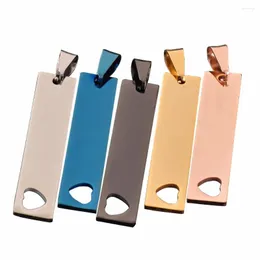 Pendant Necklaces 1Pc Rectangle Stainless Steel Stamping Blank Dog Tags Necklace Jewelry Findings 45 10mm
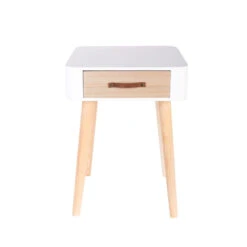 Table De Chevet Pieds Bois 1 Tiroir Blanc -ATMOSPHERA Soldes Boutique table de chevet pieds bois 1 tiroir blanc 3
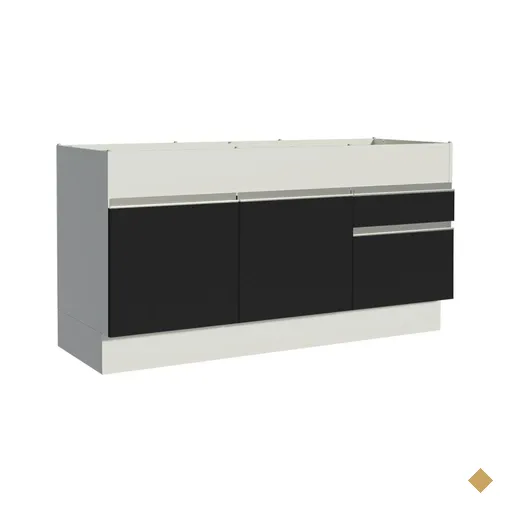 Balcão de Pia Armário de Cozinha 150 cm 2 Portas e 2 Gavetas (Sem Tampo e…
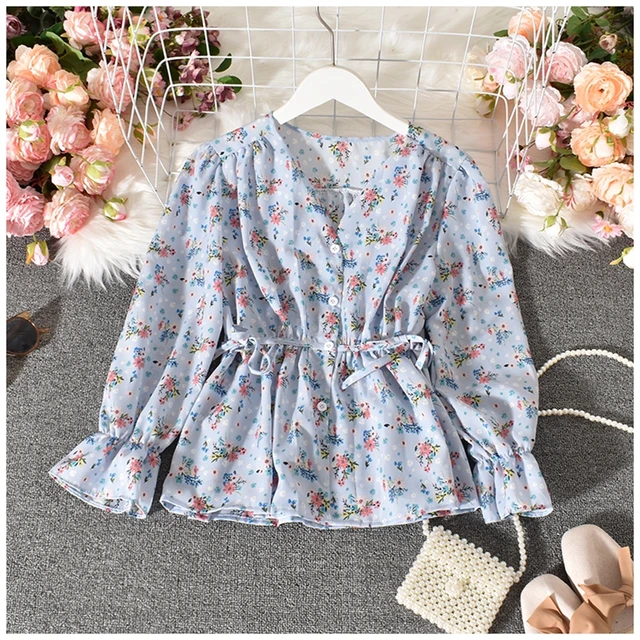 Femmes Boheme Chemise 2020 Mori Filles Automne Printemps Coree Du Sud Frais Boho Manches Longues Col En V Blanc Noir Imprime Blouse Hauts Aliexpress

Exercise brief » Here the job is to print the data above exactly, except for any pictures.

Output of the task »
 Pendant Necklaces 1Pc Rectangle Stainless Steel Stamping Blank Dog Tags Necklace Jewelry Findings 45 10mm
 Table De Chevet Pieds Bois 1 Tiroir Blanc -ATMOSPHERA Soldes Boutique table de chevet pieds bois 1 tiroir blanc 3
 Balcão de Pia Armário de Cozinha 150 cm 2 Portas e 2 Gavetas (Sem Tampo e…
 Femmes Boheme Chemise 2020 Mori Filles Automne Printemps Coree Du Sud Frais Boho Manches Longues Col En V Blanc Noir Imprime Blouse Hauts Aliexpress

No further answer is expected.